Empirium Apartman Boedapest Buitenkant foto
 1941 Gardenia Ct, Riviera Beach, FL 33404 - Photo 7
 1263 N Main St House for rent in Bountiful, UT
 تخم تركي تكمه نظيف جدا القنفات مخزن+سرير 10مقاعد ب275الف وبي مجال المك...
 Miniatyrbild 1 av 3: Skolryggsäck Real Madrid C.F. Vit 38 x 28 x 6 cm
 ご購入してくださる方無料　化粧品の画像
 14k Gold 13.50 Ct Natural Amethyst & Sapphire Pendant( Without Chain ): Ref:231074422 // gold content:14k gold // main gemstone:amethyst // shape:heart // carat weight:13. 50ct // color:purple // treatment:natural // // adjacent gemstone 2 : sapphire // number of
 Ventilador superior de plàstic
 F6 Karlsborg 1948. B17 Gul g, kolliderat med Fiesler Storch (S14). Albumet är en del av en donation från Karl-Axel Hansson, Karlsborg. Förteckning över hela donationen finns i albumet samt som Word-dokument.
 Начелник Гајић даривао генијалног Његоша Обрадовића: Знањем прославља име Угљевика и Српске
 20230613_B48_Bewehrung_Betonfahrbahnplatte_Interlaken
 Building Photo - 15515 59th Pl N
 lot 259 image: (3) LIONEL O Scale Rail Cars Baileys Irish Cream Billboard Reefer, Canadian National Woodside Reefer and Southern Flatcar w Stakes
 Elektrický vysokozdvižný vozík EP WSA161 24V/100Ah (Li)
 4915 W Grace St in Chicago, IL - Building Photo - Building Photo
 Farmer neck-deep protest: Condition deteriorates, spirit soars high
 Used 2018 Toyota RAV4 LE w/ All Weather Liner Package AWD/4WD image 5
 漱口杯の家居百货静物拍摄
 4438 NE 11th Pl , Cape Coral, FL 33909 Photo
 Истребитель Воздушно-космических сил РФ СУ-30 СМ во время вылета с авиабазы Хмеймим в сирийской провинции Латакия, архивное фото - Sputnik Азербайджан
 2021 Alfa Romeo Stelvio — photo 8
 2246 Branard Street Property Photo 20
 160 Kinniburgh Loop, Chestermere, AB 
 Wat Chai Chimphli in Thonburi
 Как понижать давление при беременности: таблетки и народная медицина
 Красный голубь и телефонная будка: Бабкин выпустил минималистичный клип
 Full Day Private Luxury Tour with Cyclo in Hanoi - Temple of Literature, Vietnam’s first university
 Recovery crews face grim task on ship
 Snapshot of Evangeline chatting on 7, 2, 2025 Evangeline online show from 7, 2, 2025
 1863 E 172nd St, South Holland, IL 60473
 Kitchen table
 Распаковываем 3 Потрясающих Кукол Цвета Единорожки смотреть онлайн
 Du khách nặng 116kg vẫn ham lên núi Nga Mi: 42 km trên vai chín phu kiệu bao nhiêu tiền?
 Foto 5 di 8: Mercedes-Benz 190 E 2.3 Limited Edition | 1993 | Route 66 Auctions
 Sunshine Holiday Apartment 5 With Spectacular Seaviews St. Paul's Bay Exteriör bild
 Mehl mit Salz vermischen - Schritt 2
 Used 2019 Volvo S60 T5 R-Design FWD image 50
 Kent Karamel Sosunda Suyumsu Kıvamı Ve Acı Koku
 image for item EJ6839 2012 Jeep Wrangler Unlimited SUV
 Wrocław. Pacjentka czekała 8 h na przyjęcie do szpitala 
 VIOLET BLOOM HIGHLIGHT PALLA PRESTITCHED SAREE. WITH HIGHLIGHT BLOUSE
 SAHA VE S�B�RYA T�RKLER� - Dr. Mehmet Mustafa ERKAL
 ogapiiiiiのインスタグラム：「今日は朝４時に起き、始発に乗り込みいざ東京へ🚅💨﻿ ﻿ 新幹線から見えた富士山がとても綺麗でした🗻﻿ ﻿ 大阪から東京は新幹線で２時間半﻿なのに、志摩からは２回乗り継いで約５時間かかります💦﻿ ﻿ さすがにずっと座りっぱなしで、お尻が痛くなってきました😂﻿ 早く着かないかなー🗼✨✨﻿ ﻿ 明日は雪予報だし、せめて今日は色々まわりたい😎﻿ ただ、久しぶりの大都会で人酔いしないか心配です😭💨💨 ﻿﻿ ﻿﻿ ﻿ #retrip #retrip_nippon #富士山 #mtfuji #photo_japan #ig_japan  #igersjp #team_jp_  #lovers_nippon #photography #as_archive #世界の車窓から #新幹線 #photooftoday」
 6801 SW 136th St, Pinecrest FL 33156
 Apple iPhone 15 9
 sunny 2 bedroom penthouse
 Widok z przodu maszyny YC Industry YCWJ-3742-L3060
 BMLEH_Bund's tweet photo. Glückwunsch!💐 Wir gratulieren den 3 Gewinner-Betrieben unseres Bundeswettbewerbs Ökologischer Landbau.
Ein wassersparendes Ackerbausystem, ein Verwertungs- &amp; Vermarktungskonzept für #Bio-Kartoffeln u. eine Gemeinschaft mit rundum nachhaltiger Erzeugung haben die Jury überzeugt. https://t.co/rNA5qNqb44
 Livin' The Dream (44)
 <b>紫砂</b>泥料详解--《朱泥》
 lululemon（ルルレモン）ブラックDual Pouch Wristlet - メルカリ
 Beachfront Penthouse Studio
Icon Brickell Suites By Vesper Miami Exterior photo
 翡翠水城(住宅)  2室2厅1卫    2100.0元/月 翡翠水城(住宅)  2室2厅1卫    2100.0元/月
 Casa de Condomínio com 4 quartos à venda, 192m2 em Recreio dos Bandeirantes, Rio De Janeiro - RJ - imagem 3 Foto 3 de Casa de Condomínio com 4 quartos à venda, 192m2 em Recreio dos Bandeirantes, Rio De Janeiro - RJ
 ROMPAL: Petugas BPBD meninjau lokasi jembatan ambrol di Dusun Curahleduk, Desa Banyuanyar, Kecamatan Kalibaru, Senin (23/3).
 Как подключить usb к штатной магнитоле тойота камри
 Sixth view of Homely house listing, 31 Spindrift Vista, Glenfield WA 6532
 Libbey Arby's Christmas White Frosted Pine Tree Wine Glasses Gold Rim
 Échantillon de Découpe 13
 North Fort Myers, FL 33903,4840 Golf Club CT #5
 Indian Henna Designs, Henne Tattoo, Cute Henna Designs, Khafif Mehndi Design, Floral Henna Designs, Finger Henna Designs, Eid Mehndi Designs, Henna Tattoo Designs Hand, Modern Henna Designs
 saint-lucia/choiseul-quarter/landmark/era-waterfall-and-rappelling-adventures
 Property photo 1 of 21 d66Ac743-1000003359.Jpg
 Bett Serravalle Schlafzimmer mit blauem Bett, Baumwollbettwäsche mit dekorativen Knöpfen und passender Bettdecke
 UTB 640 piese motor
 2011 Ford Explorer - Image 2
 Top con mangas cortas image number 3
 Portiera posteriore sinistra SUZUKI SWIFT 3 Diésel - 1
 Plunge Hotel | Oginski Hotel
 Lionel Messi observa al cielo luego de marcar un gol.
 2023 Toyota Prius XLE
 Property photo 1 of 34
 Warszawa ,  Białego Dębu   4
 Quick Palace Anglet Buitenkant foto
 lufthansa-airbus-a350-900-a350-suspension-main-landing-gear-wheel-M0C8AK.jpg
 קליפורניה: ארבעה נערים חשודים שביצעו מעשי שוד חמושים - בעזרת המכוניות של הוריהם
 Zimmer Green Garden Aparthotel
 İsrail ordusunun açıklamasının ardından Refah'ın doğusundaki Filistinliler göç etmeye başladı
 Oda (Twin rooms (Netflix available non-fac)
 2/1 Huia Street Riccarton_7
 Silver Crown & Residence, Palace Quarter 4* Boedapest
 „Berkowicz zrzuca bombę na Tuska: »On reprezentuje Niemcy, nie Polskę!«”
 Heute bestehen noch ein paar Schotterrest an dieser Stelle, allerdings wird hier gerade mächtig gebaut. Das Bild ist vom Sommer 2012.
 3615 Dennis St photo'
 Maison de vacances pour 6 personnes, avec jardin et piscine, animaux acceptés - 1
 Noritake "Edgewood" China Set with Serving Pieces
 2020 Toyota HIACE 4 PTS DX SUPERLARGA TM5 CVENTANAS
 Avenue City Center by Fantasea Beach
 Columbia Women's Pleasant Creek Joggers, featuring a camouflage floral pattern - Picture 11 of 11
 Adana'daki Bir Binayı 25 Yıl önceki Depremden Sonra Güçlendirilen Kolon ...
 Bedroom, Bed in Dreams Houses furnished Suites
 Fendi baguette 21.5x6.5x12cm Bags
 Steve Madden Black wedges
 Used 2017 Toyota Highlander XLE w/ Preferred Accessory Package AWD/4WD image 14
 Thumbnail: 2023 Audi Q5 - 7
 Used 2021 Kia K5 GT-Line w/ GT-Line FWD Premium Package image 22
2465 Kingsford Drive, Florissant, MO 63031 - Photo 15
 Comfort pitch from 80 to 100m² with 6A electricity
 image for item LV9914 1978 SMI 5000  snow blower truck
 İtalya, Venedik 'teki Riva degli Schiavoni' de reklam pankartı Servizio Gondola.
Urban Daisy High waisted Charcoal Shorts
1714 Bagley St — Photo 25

* * *

WHAT IS EXPECTED ▸
Return all lines of the material above in which "Property" occurs.

RESULT OF THE TASK ▸
 2246 Branard Street Property Photo 20
 Property photo 1 of 21 d66Ac743-1000003359.Jpg
 Property photo 1 of 34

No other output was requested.